“Di Bumi ini, perbedaan
telah menjadi bahasan dari beribu-ribu tahun yang lalu. Dalam perjalanan umat
manusia hidup, tak akan lupa bagaimana konflik yang dilandasi perbedaan tentang
hal apapun akan menjadi momok yang menakutkan bagi keberlangsungan hidup umat
manusia. Lihat saja peperangan yang terjadi pada masa kerajaan-kerajaan,
saat Perang Dunia I dan II , konflik di
Timur Tengah, sampai konflik antar suku dibelahan dunia manapun. Semuanya itu
terjadi karena kesalah pahaman atas memaknai perbedaan juga bagaimana menghargai sesama manusia.

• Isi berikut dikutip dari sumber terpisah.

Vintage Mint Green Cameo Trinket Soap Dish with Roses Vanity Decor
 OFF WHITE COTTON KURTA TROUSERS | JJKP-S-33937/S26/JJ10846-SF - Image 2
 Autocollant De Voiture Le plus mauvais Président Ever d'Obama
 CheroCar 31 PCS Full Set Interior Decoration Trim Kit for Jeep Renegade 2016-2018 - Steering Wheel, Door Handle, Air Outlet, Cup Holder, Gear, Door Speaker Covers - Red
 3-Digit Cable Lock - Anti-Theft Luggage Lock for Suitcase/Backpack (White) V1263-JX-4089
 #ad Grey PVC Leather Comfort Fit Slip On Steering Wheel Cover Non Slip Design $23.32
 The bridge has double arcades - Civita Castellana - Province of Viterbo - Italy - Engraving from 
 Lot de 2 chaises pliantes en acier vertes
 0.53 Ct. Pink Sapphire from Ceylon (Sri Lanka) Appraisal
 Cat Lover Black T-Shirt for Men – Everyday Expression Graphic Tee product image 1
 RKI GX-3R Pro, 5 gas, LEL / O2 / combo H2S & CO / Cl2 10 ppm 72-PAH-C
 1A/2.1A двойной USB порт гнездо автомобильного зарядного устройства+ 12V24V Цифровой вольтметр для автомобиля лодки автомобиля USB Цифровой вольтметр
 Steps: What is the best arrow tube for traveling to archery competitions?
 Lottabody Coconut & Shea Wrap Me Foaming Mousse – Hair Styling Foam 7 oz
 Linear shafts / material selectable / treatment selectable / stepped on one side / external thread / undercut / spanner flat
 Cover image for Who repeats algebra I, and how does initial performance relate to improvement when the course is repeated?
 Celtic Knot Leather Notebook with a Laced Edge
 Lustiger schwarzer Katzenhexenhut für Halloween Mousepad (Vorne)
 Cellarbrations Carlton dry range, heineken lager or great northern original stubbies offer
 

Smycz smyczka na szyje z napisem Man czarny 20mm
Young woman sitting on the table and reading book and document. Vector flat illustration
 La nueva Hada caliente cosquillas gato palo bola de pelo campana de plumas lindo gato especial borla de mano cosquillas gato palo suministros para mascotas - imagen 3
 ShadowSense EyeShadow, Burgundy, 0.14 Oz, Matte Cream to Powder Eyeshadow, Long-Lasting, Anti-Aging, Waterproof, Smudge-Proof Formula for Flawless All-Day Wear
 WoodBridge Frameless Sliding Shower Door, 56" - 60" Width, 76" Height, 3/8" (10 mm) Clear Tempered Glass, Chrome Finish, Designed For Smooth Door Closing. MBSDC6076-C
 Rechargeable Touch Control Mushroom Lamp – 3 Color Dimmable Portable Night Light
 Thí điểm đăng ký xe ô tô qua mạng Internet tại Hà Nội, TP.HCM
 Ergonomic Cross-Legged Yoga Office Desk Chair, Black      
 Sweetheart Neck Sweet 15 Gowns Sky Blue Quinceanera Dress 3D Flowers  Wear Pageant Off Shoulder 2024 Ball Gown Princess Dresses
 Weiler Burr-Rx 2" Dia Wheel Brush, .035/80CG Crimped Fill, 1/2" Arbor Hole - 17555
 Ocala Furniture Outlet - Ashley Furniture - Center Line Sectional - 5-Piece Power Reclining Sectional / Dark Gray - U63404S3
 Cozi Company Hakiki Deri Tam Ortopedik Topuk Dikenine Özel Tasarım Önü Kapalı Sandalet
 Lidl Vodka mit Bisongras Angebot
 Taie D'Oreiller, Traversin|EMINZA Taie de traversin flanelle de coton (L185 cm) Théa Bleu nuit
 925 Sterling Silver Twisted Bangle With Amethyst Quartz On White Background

Disitulah letak kepahaman akan multikultur dan pluralisme dibutuhkan untuk
kedamaian hidup di Bumi ini”.
Selayang pandang
Negeri ini adalah negeri yang sangat kaya akan perbedaan yang
indah. Jika kita melakukan perjalanan dari Sabang sampai Merauke, kita akan
menjumpai ribuan realita yang menjelaskan alangkah menakjubkannya keanekaragaman Nusantara ini: budaya, suku, bahasa, keyakinan,
hingga perilaku sosial yang berupa-rupa. Tak banyak warga
negeri ini yang tahu, berapa persisnya jumlah suku bangsa di Indonesia. Akan tetapi, Badan Pusat Statistik (BPS)
ternyata telah melakukan survei mengenai jumlah suku bangsa tersebut. Kepala
BPS, Rusman Heriawan, menyampaikan
bahwa dari hasil sensus penduduk terakhir pada tahun 2011,
diketahui bahwa Indonesia terdiri dari 1.128 suku bangsa.(JP Rabu 3/2)
Kesanggupan negeri ini untuk hidup
berdampingan di tengah kemajemukan sudah dicontohkan oleh para pendahulu kita.
Lihatlah keguyuban para pemuda-pemudi Nusantara saat mengangkat sumpah pemuda.
Bagaimana Jong-Jong dari seantero negeri berkumpul menjadi satu, mencari
kebaikan bersama. Juga jika ditarik lebih kebelakang, pada saat magna carta Raja
Airlangga tentang hak asasi manusianya, yang mengajak manusia-manusia negeri
ini saling menghargai hak-hak dan nasib sesama manusia.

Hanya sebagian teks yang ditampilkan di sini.